Collection entries ▸
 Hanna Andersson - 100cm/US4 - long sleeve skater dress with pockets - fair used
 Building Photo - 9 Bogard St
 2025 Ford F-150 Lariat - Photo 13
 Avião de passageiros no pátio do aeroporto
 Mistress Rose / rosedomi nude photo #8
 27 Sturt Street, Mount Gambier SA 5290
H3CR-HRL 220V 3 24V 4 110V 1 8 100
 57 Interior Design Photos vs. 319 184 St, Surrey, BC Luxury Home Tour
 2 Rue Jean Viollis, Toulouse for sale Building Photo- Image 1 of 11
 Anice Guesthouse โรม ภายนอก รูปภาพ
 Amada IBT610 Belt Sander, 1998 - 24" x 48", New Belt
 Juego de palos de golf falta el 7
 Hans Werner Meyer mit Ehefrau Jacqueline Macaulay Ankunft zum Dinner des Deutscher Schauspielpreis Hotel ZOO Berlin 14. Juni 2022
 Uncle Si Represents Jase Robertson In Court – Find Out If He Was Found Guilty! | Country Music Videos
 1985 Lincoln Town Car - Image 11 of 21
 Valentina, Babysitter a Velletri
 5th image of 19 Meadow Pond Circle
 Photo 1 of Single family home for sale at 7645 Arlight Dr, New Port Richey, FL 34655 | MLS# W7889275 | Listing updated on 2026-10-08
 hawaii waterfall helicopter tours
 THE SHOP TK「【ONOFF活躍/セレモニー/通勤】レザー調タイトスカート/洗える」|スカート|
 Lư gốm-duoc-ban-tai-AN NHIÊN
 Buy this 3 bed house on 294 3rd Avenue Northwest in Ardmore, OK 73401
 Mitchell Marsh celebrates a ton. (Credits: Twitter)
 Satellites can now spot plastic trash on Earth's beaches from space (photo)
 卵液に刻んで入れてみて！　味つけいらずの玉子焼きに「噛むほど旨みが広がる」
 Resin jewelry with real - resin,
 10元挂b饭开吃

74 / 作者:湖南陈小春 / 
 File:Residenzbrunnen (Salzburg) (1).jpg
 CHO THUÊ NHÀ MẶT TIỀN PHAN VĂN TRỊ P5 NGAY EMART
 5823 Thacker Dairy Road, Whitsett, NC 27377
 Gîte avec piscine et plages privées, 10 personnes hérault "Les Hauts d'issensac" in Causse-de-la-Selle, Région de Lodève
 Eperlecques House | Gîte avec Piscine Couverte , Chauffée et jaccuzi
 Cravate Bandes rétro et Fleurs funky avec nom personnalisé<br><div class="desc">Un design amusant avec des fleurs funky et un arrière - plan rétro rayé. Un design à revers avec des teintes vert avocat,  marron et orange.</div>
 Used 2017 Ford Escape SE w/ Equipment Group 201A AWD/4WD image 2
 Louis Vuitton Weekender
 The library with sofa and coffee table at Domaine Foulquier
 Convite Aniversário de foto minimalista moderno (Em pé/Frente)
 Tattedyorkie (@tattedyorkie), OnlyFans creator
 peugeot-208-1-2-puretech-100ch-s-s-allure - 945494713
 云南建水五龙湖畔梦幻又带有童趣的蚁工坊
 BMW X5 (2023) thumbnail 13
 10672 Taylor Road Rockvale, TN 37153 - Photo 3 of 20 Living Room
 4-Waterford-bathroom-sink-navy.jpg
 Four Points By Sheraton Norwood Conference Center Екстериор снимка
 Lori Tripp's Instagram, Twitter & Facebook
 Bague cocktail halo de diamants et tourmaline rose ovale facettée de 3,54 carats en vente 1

Exercise brief ▸ From the line holding "BMW X5 (2023) thumbnail 13" to the last line of the data above, copy every line exactly and include nothing more.

Response ▸
 BMW X5 (2023) thumbnail 13
 10672 Taylor Road Rockvale, TN 37153 - Photo 3 of 20 Living Room
 4-Waterford-bathroom-sink-navy.jpg
 Four Points By Sheraton Norwood Conference Center Екстериор снимка
 Lori Tripp's Instagram, Twitter & Facebook
 Bague cocktail halo de diamants et tourmaline rose ovale facettée de 3,54 carats en vente 1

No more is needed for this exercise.